In this lab, you will assume this 20% is a true population proportion and learn about how sample proportions can vary from sample to sample by taking small samples from the population. We will first create our population assuming a population size of 100,000. This means 20,000 (20%) of the population believe scientists’ work does not benefit people like them and the remaining 80,000 believe it does.

Download the global_monitor [CSV file] (OpenIntro, n.d.-b) data frame, and load it into jamovi. The scientist_work variable contains responses to the question: Do you believe that the work scientists do benefits people like you? The relevant values are Benefits or Doesn't benefit.

We can quickly visualize the distribution of these responses using a bar plot. You can find this in the Exploration menu, by clicking Bar plot in Descriptives > Plots. We can also obtain summary statistics to confirm we constructed the data frame correctly by checking the Frequency tables box (confirm counts of 80,000 for Benefits and 20,000 for Doesn't benefit).

The Unknown Sampling Distribution

In this lab, you have access to the entire population, but this is rarely the case in real life. Gathering information on an entire population is often extremely costly or impossible. Because of this, we often take a sample of the population and use that to understand the properties of the population. If you are interested in estimating the proportion of people who believe scientists’ work doesn’t benefit people like them, you can use the sampling function in jamovi to survey the population.

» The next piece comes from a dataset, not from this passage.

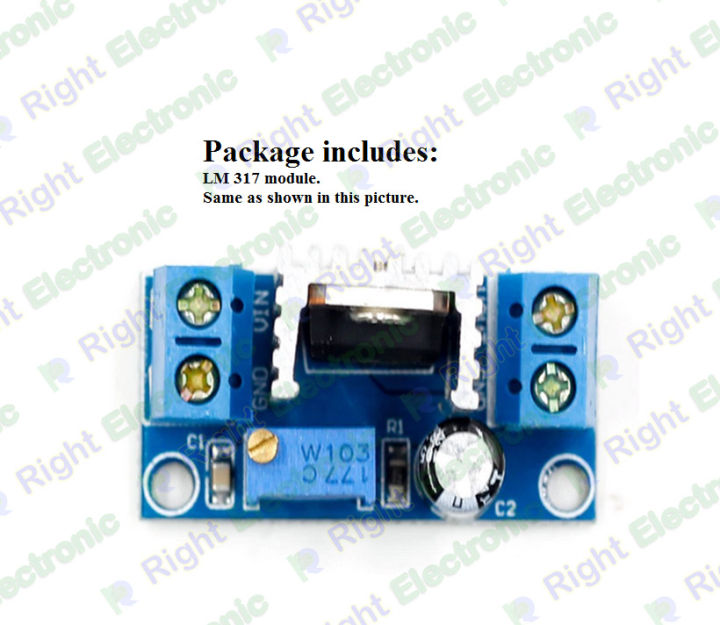 LM317%20lm%20317%20DC-DC%20Adjustable%20Linear%20Voltage%20Regulator%20Step%20Down%20mini%20Module%20-%20Image%205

Click the Data tab, and add a new computed variable by double-clicking the empty column next to the column containing the scientist_work variable. Name this variable sample1 and define it using the function SAMPLE(scientist_work, 50). This command collects a simple random sample of size 50 from the global_monitor dataset, and assigns the result to sample1. This is similar to randomly drawing names from a hat that contains the names of everyone in the population. Working with these 50 names is considerably simpler than working with all 100,000 people in the population.

You won’t see any data show up in the data viewer, but you can get summaries and graphs of this new variable. Create a frequency table of this new variable to see how many people responded in each way: click the Analyses tab; then click Exploration > Descriptives; and select Frequency tables for variable sample1.

1. Describe the distribution of responses in this sample. How does it compare to the distribution of responses in the population? Hint: What proportion of the sample believes scientists’ work doesn’t benefit people like them? What proportion of the population believes this? Check your answer by consulting the Software Lab 3.1 Solutions.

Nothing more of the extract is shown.